WHAT THIS TASK INVOLVES: Repeat each entry exactly. Drop every image.

(Entries taken from a collection)

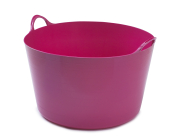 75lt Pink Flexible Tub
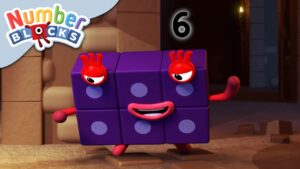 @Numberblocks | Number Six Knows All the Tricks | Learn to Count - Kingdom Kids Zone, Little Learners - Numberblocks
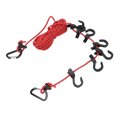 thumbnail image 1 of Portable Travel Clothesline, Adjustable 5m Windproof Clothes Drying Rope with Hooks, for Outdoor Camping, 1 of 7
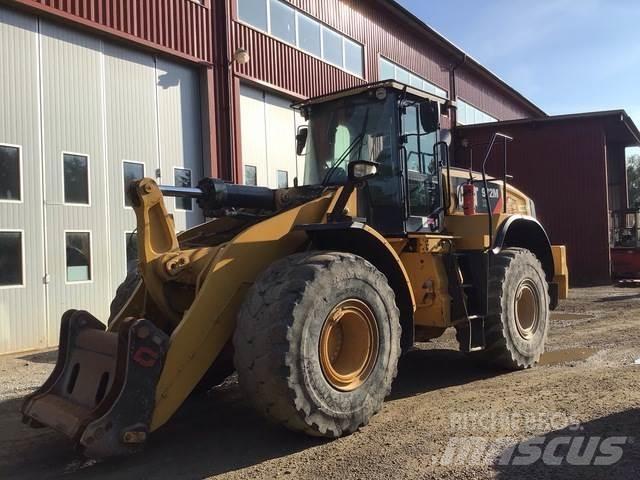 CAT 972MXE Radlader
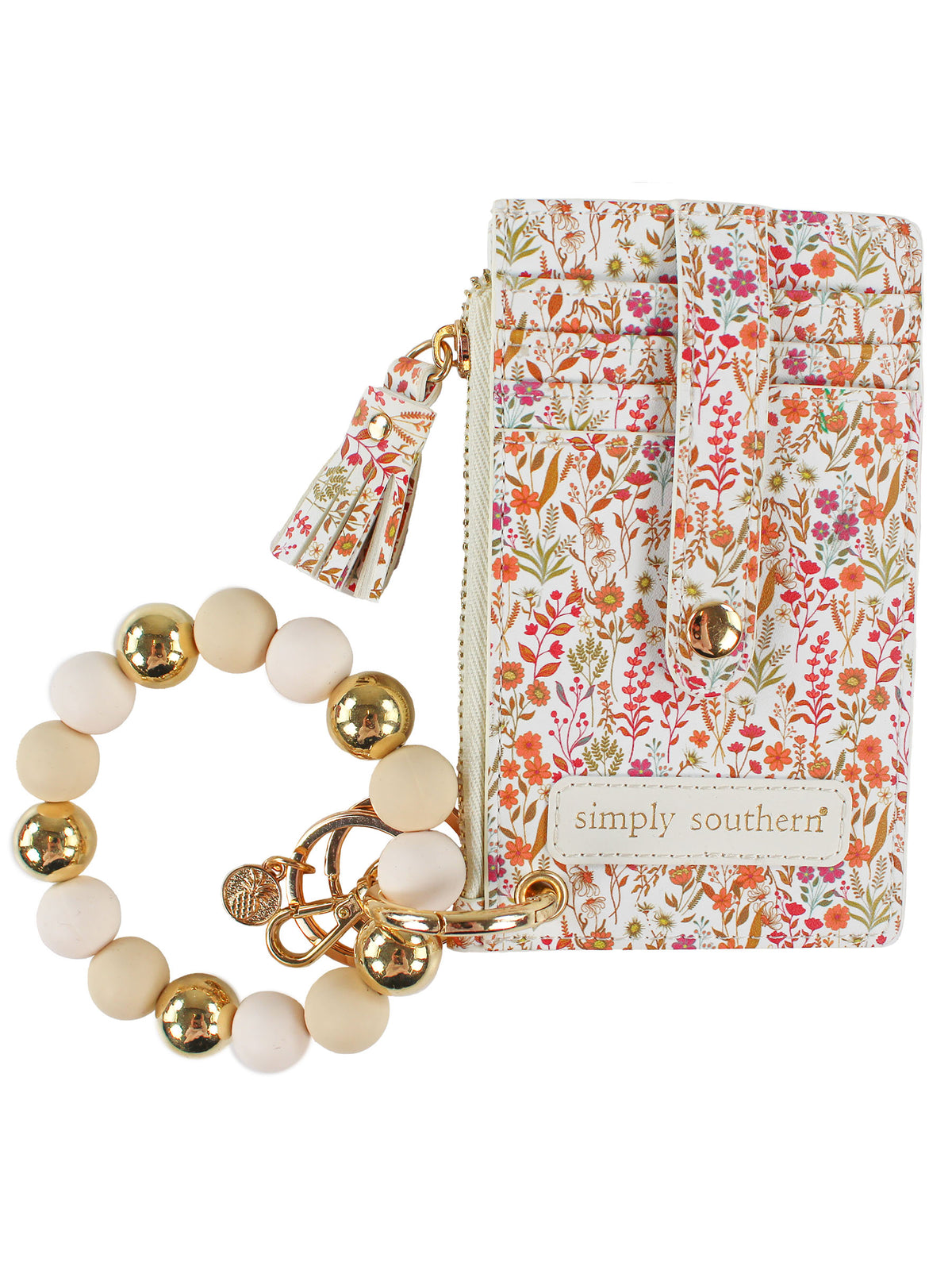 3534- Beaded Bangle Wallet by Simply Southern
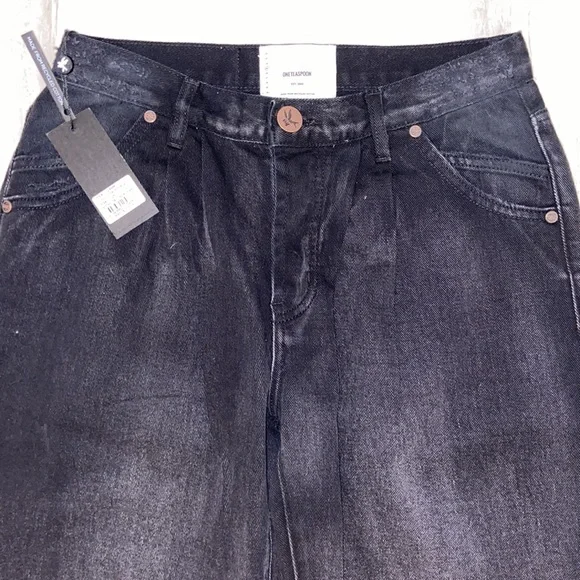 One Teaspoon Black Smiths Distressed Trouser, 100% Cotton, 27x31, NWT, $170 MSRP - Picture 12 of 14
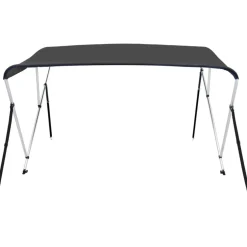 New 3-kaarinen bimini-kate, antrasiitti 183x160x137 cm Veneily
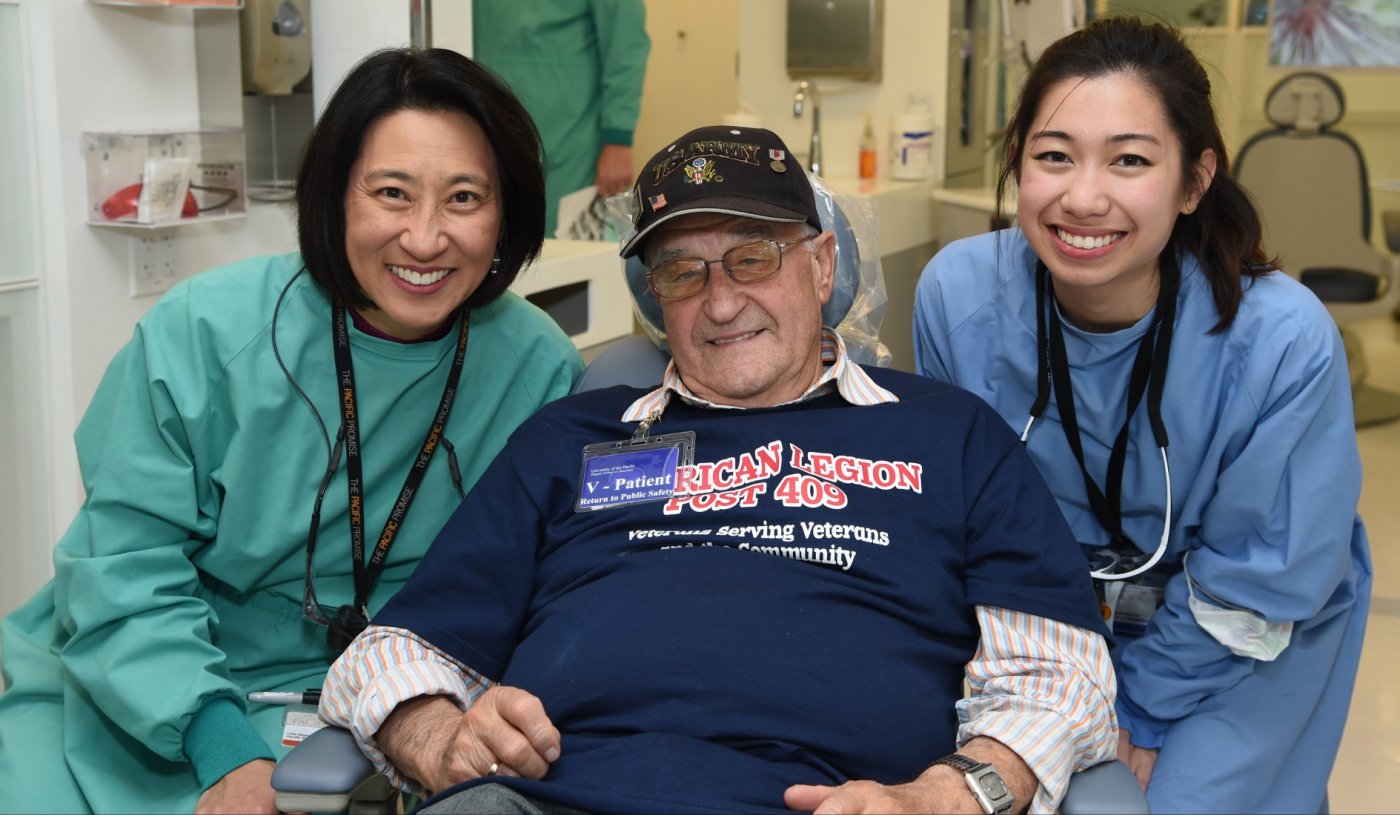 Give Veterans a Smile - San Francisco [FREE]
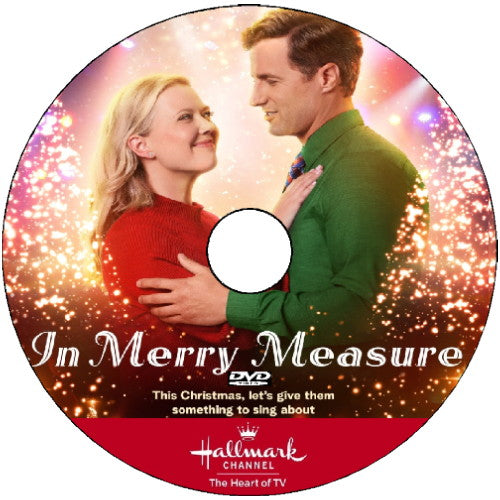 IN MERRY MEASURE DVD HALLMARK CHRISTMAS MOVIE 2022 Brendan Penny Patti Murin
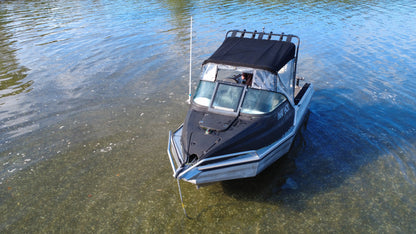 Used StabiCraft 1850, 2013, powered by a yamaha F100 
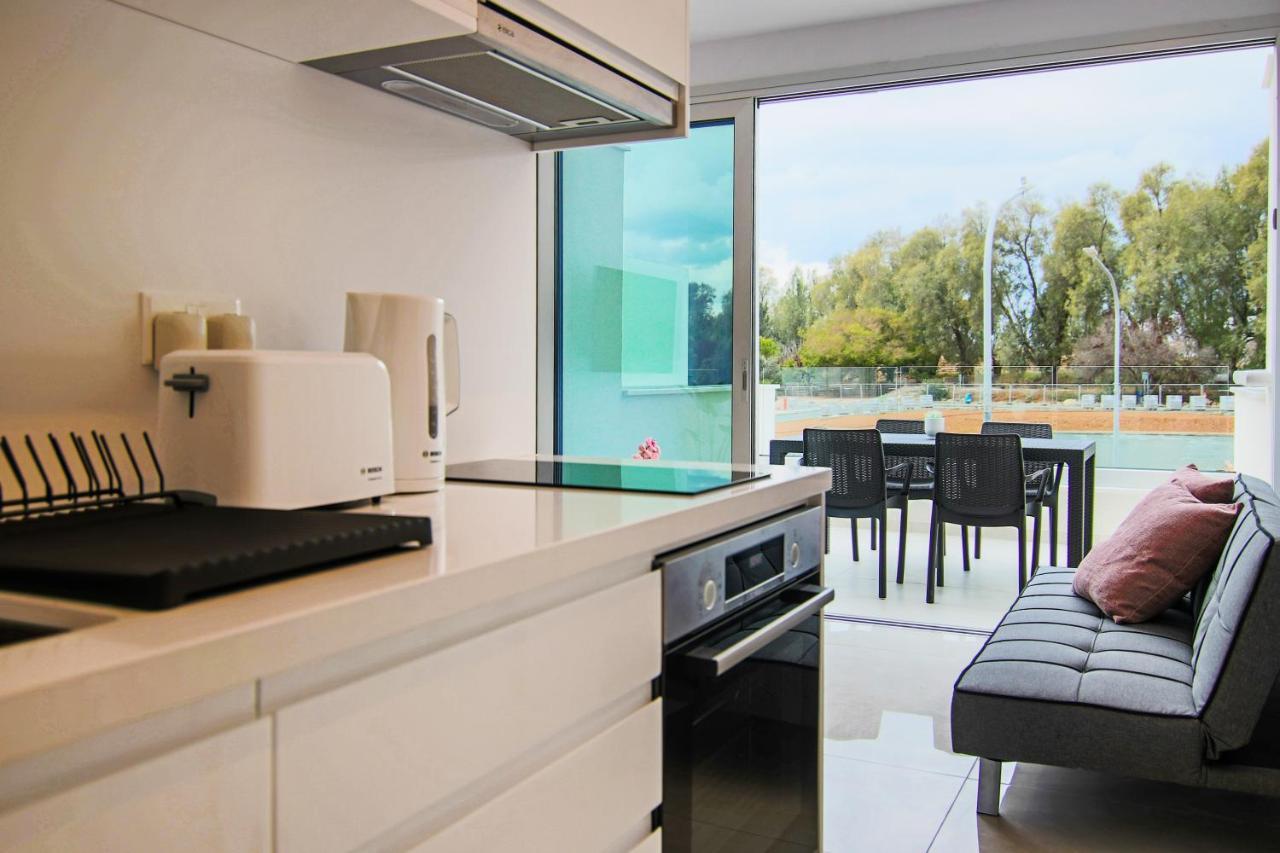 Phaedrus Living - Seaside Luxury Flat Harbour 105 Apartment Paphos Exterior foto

ANSWER AREA:
 75lt Pink Flexible Tub
 @Numberblocks | Number Six Knows All the Tricks | Learn to Count - Kingdom Kids Zone, Little Learners - Numberblocks
 thumbnail image 1 of Portable Travel Clothesline, Adjustable 5m Windproof Clothes Drying Rope with Hooks, for Outdoor Camping, 1 of 7
 CAT 972MXE Radlader
 3534- Beaded Bangle Wallet by Simply Southern
 One Teaspoon Black Smiths Distressed Trouser, 100% Cotton, 27x31, NWT, $170 MSRP - Picture 12 of 14
 New 3-kaarinen bimini-kate, antrasiitti 183x160x137 cm Veneily
 Give Veterans a Smile - San Francisco [FREE]
 IN MERRY MEASURE DVD HALLMARK CHRISTMAS MOVIE 2022 Brendan Penny Patti Murin
 Used StabiCraft 1850, 2013, powered by a yamaha F100 
 Phaedrus Living - Seaside Luxury Flat Harbour 105 Apartment Paphos Exterior foto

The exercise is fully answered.